Maritim Indonesia: Dasar Pemikiran A B Lapian
Dasar Pemikiran A B Lapian – Dulu Inggris dikenal sebagai “Raja Laut”, armadanya begitu superior, saking luas wilayah kekuasaannya, tak heran bila muncul semboyan “Inggris”, negara di mana matahari tidak pernah terbit dan tenggelam.” Mereka sadar bahwa hanya dengan memanfaatkan kondisi geografis (laut) semaksimal mungkin plus kerja keras, kejayaan bisa diraih.
Berabad-abad silam kerajaan-kerajaan di Nusantara juga menyadari pentingnya laut sebagai penghubung dengan wilayah-wilayah lain. Laut juga membuka cakrawala pemikiran mereka. Informasi dan ilmu pengetahuan dari dunia luar, atau sebaliknya, masuk melalui laut. Kejayaan Sriwijaya, Majapahit, Malaka, Makassar, Ternate, Tidore, Samudera Pasai, atau Demak, misalnya, tak lepas dari pemahaman mereka akan laut.

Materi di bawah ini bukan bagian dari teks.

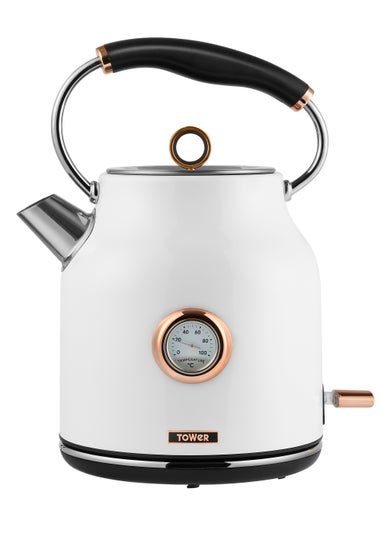 Tower White Traditional Steel Kettle (1.7L)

Namun, seiring tenggelamnya kerajaan-kerajaan maritim, budaya maritim seakan sirna. Fokus perhatian beralih ke daratan, hingga kini. Laut terabaikan. Padahal, “jika berbicara tentang sejarah Nusantara, mau tak mau aspek kelautan patut diperhatikan,” tulis AB Lapian dalam naskah pidato pengukuhan guru besar luar biasanya, “Sejarah Nusantara Sejarah Bahari”, di Universitas Indonesia pada 4 Maret 1992.
Tanpa memperhatikan aspek maritim, lanjutnya, sejarah Nusantara hanya berkisar pada pulau yang terpisah-pisah. “Dengan demikian ada bagian yang besar dari pengalaman dan kegiatan penduduk Nusantara di masa lampau yang lolos dari pengamatan dan penelitian sejarawan bangsa kita,” tulis Lapian dalam Orang Laut, Bajak Laut, Raja Laut: Sejarah Kawasan Laut Sulawesi Abad XIX.
Kajian tentang sejarah maritim pertama kali dipelopori oleh Fernand Braudel dengan karya klasiknya The Mediteranean and The Mediteranean World in the age of Philip II yang mengkaji tentang sejara laut tengah. Tokoh annals school inilah yang memperkenalkan apa yang disebut sebagai total history. Karyanya tentang Laut Tengah menandai awal berkembangnya sejarah structural yang memberi perhatian kepada pengaruh aspek geografis terhadap kebudayaan dan ekonomi suatu masyarakat.
Aspek structural dari dinamika kehidupan manusia berkait erat dengan faktor perubahan geografi dan kebudayaan, sedangkan aspek konjungtural dari gelombang perubahan sejarah manusia berkait erat dengan peubahan ekonomi. Sementara itu aspek event yang berubah secara cepat berkaitan dengan perubahan-perubahan di bidang politik yang sangat cepat dan dinamis. Dalam studi structural perhatian lebih diberikan pada aspek structural dan konjungtural yang memberikan pengaruh kuat terhadap perubahan-perubahan politik.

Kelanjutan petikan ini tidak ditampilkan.